Bartosz Kurek w kwietniu przeszedł operację kręgosłupa i przez kilka miesięcy nie mógł grać. Opuścił przez to fazę play-off PlusLigi i w dużą część sezonu kadrowego. W październiku wrócił do reprezentacji, wystąpił w kilku meczach Pucharu Świata, ale w trakcie turnieju opuścił zespół i udał się do nowego klubu - Vero Volley Monzy. Sezon Serie A zaczął fatalnie – od porażki 0:3 w obu meczach.

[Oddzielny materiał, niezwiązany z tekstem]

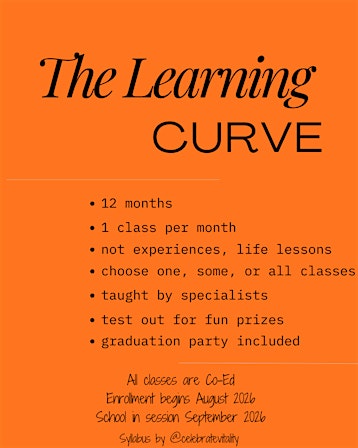 The Learning Curve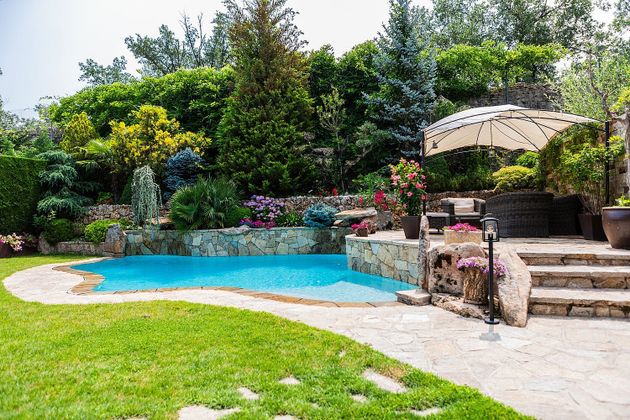 Foto 2 de Casa en venda a El Boalo de 5 habitacions amb terrassa i piscina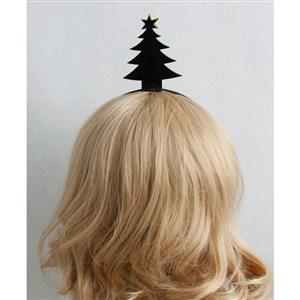 Christmas Tree Hair Hoop for Party Nigt Club J12818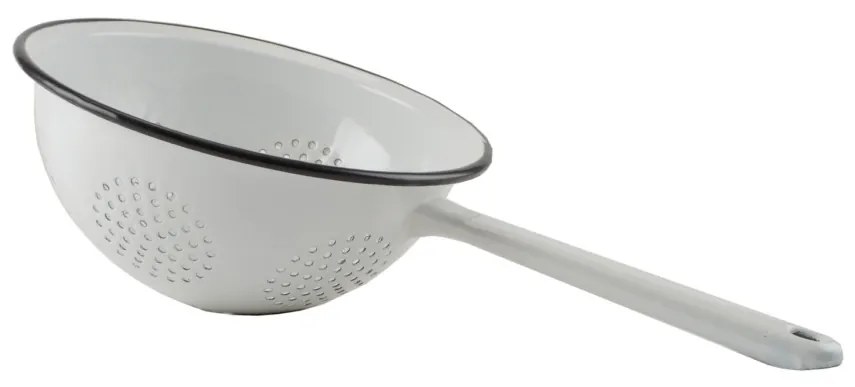 Tésztaszűrő zománcozott 22 cm 14101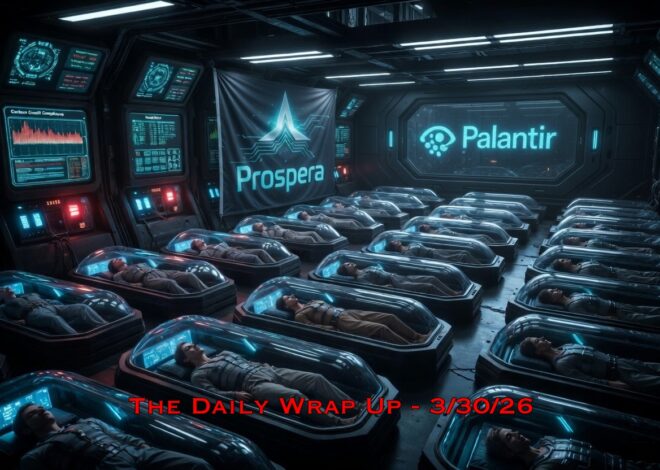 The Alarming Life-Extension Research Within The Movement Pushing Global Transition & More Iran Lies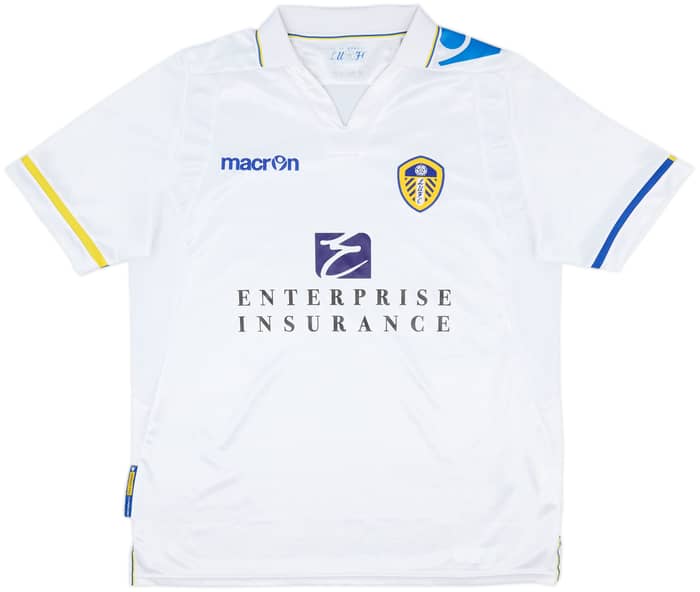 2011-12 Leeds United Home Shirt - 8/10 - (M)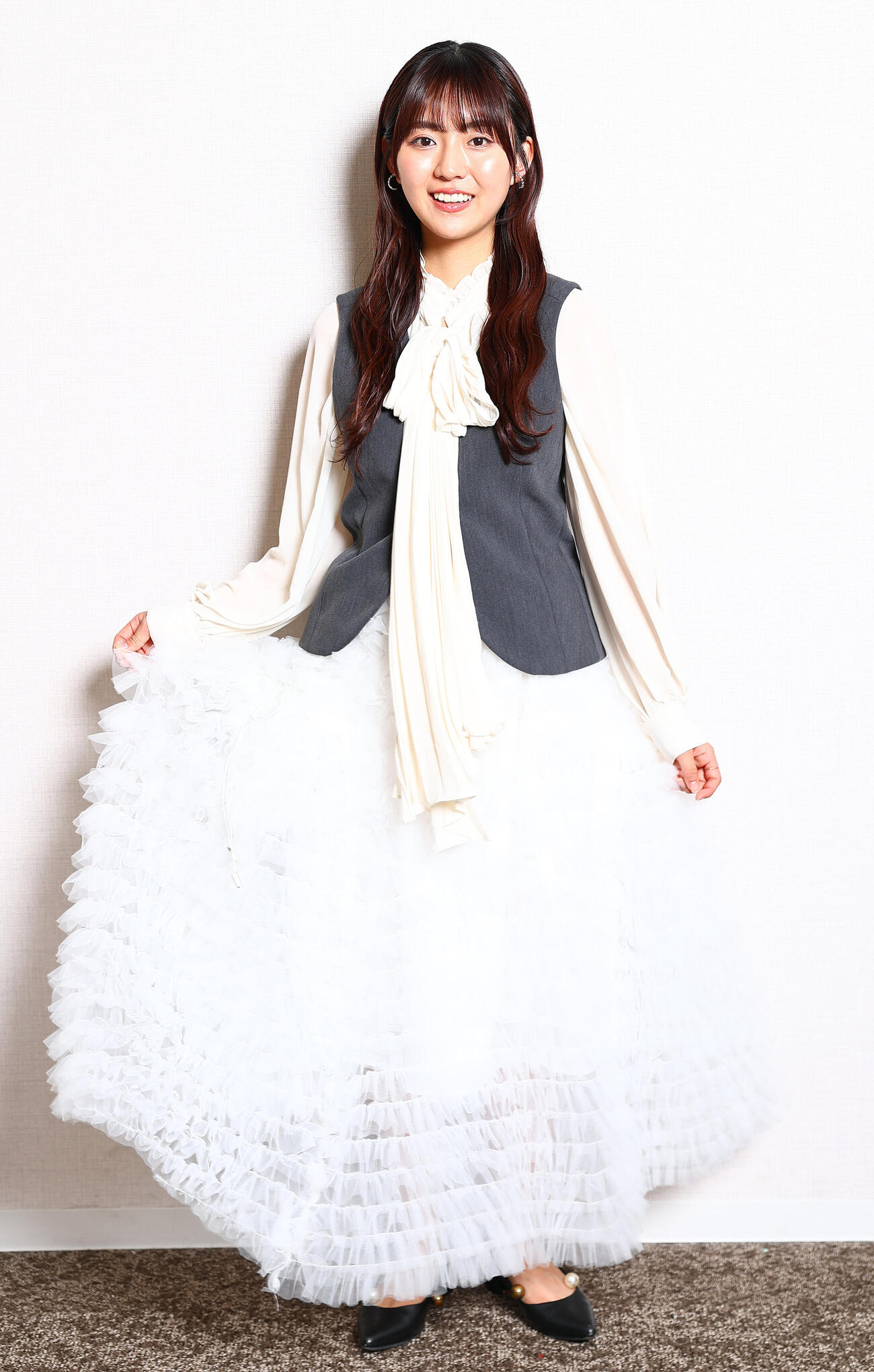 映画初主演をはじめ、多方面で活躍の豊田ルナ（撮影・野上伸悟）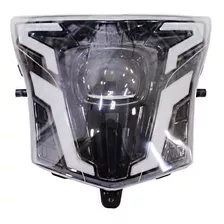 Faro Delantero Completo Led Moto Dinamo Scorpion 250 2022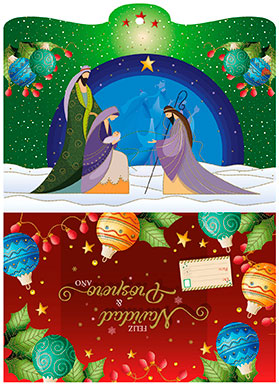 Tarjeta calendario
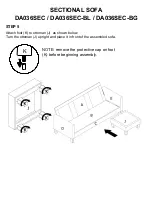 Предварительный просмотр 8 страницы Novogratz DA036SEC Instruction Manual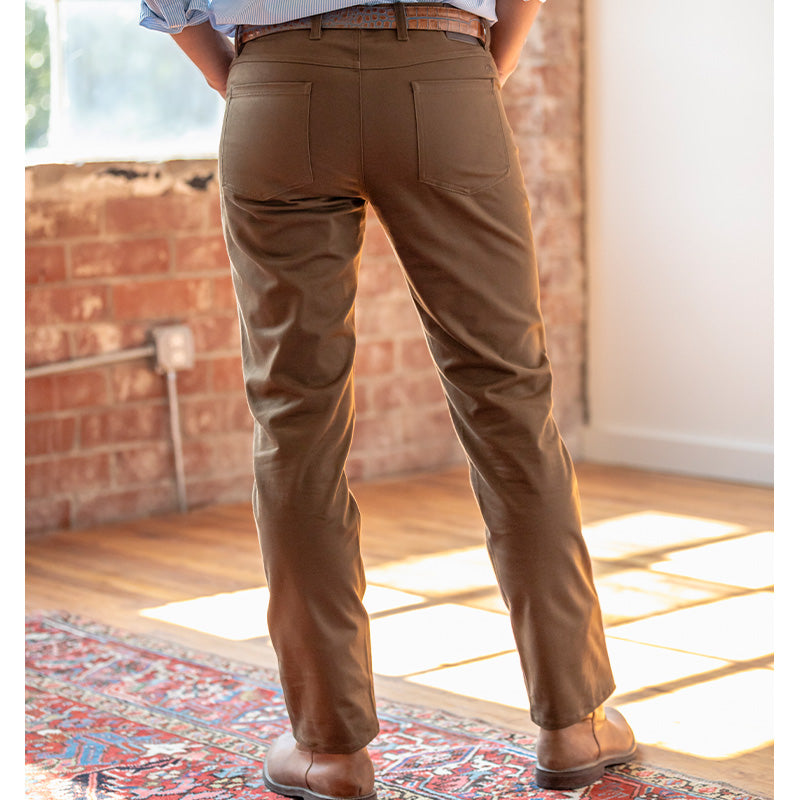 Classic Five Pocket Pant - Teak – Onward Reserve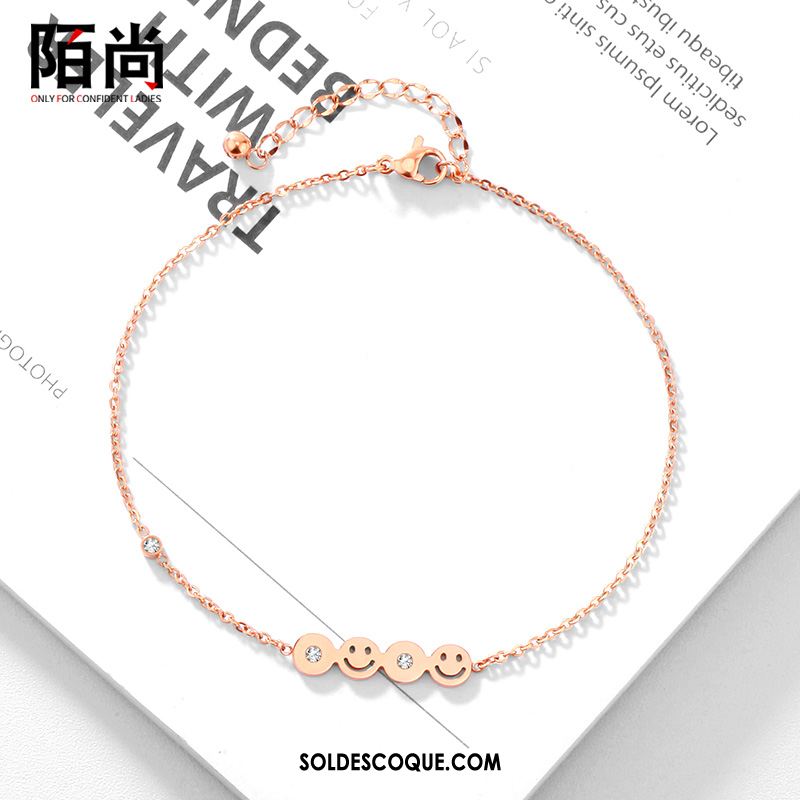 Bracelet De Cheville Femme Accessoires Cadeau Tassel Mode Rose Pas Cher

Zdaniem Wojciecha Drzyzgi, byłego siatkarza, a obecnie eksperta telewizyjnego, Polak popełnił błąd podpisując kontrakt z Monzą. Dwa lata temu miał tam trafić jego syn – Fabian. - Robiliśmy wówczas sondę i się nie zapowiadało, że tam będzie lepiej, tam będzie coraz słabiej – zdradził na antenie „Polsatu Sport”. - Bartosz Kurek jest 31-letnim, utytułowanym graczem i on nie musi niczego udowadniać. On się w pewnym momencie zacznie tam męczyć. Rozumiem jednak, że ten sezon może być dla niego ciut lżejszy – dodał.
Następny mecz Vero Volley Monza rozegra w środę, 6 listopada o godz. 20.30. Ich rywalem będzie Sir Safety Conad Perugia, którego trenerem jest Vital Heynen, a zawodnikiem Wilfredo Leon.